Вот тогда впервые и пришел тот страх, с которым Мите с тех пор предстояло жить. С которым пришлось свыкнуться, который пришлось принять, которому пришлось позволить стать частью своего существа.
Страх пришел, когда Митя увидел на краю воронки человека в чужой форме, который усмехнулся, махнул кому-то рукой и заговорил на том странном лающем наречии, которое безуспешно пыталась сымитировать митина школьная учительница немецкого.
Голова больше не болела, она стала удивительно ясной и легкой, только мыслей в ней не было никаких. Сердце колотилось быстро-быстро, а ноги стали ватными и вдруг болезненно-сладко сжался мочевой пузырь.

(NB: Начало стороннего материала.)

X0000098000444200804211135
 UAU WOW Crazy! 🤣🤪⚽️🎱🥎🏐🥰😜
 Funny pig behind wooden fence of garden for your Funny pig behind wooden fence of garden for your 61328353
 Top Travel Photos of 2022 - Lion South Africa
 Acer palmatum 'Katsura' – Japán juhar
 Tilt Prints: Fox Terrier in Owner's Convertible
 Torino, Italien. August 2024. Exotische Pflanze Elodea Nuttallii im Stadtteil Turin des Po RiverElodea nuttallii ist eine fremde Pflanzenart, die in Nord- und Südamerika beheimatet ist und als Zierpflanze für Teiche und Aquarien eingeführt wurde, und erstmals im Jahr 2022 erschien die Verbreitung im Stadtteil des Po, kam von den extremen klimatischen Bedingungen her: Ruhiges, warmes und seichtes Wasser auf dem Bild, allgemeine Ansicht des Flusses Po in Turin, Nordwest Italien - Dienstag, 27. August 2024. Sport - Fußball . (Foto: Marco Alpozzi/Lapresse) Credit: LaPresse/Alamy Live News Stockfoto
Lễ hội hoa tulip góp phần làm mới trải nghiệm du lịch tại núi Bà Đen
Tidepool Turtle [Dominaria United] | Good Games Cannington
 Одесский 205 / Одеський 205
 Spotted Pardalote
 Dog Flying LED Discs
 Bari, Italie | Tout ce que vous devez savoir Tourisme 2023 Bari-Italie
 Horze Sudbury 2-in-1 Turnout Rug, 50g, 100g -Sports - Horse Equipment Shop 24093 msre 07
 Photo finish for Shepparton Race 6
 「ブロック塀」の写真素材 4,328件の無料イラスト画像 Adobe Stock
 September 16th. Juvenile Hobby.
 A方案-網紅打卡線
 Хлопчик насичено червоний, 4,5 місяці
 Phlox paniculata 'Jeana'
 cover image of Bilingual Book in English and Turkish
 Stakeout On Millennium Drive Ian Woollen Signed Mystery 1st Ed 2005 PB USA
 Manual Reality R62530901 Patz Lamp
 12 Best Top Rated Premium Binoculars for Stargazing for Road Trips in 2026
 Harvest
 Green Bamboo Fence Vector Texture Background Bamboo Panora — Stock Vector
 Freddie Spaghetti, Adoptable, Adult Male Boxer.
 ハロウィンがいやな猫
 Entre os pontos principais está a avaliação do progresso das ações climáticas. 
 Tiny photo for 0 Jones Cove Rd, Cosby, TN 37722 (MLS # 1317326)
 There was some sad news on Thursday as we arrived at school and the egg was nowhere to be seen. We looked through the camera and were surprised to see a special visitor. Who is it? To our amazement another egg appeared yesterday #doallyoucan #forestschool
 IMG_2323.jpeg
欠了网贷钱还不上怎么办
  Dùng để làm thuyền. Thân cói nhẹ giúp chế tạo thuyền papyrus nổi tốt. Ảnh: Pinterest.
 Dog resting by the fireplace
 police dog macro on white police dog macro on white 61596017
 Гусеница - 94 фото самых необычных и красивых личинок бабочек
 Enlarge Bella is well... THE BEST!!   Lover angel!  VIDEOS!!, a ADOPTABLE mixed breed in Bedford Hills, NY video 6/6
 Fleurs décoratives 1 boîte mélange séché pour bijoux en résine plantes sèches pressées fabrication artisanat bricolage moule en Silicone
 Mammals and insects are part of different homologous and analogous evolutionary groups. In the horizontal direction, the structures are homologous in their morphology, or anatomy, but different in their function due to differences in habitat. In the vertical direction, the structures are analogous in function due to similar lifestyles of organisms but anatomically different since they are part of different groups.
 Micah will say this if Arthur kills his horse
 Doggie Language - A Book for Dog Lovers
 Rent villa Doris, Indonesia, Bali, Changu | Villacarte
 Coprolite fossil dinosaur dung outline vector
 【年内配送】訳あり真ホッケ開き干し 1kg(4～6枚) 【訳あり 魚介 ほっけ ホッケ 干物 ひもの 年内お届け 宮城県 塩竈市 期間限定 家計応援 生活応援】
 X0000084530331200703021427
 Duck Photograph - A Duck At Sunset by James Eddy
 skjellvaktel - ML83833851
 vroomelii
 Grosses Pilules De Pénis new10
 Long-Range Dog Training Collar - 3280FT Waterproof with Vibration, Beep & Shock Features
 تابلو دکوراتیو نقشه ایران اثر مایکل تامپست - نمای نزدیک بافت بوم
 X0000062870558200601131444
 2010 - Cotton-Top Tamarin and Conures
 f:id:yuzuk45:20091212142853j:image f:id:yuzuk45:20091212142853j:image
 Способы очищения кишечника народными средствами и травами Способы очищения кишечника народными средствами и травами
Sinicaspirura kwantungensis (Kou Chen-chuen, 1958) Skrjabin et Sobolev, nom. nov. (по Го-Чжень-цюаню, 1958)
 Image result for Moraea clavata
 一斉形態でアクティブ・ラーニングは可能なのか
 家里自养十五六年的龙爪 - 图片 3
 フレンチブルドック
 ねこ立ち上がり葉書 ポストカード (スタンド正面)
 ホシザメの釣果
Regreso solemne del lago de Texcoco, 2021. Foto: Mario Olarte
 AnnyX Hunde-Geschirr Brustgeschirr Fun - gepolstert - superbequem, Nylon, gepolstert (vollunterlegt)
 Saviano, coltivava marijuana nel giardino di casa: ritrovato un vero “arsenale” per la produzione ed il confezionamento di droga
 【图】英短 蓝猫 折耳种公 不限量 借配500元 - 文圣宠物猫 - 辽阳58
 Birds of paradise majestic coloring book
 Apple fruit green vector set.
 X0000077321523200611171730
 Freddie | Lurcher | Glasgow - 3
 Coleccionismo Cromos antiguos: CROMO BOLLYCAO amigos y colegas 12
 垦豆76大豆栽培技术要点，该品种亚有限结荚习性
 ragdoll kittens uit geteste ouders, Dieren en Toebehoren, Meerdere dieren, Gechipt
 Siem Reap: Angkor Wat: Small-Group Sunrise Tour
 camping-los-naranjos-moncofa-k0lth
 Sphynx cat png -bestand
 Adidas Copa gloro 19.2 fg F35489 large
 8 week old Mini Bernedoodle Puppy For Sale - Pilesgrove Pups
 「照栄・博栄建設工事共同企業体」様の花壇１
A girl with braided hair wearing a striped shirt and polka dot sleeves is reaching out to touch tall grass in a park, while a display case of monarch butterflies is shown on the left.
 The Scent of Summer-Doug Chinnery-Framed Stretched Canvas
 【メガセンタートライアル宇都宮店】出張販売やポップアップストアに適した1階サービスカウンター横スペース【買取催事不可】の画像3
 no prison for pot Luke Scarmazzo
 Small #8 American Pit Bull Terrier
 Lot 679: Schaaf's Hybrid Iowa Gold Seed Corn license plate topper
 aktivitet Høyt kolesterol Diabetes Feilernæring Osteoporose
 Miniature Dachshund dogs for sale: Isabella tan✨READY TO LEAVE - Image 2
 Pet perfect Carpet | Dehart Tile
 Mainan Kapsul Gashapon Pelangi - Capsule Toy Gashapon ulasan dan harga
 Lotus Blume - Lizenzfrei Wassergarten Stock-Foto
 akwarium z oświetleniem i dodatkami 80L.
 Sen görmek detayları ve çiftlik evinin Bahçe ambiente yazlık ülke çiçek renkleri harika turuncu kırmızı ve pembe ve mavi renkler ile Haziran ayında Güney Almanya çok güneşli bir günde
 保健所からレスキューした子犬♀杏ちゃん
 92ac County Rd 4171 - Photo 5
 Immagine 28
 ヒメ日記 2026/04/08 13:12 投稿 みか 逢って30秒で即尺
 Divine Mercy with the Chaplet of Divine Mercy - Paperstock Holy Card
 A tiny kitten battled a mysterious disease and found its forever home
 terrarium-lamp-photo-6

Немец не убил его, вытащил полуживого от страха из воронки за шиворот, потащил за собой. Оказалось, что не один Митя остался в живых после этой жуткой бойни, всего спасшихся оказалось шестнадцать человек. С пятерыми из них мальчик оказался несколько недель спустя в Бухенвальде.
Раненых немцы не подбирали, добивали даже тех, у кого ранения были пустяковыми, наверное рассуждали так, что в любом случае не выдержать им долгого пути, да и лечить их пришлось бы — здесь или там… Кому это надо?
Уцелевших согнали в сарай, заперли, предварительно избив от души, и выставили охрану. Митю не били, над ним только смеялись, отпускали непонятные, но, вероятно, обидные шуточки. Митя три года учил немецкий в школе и всегда считал, что добился в этом деле определенных успехов, однако он не понимал ничего, ни единого словечка! Училка говорила, что немцы не говорят на литературном языке, что в каждой провинции свой диалект, и нередко житель Баварии с трудом может объясниться с жителем, к примеру, Саксонии, они же в классе ограничивались, разумеется, только классическим немецким.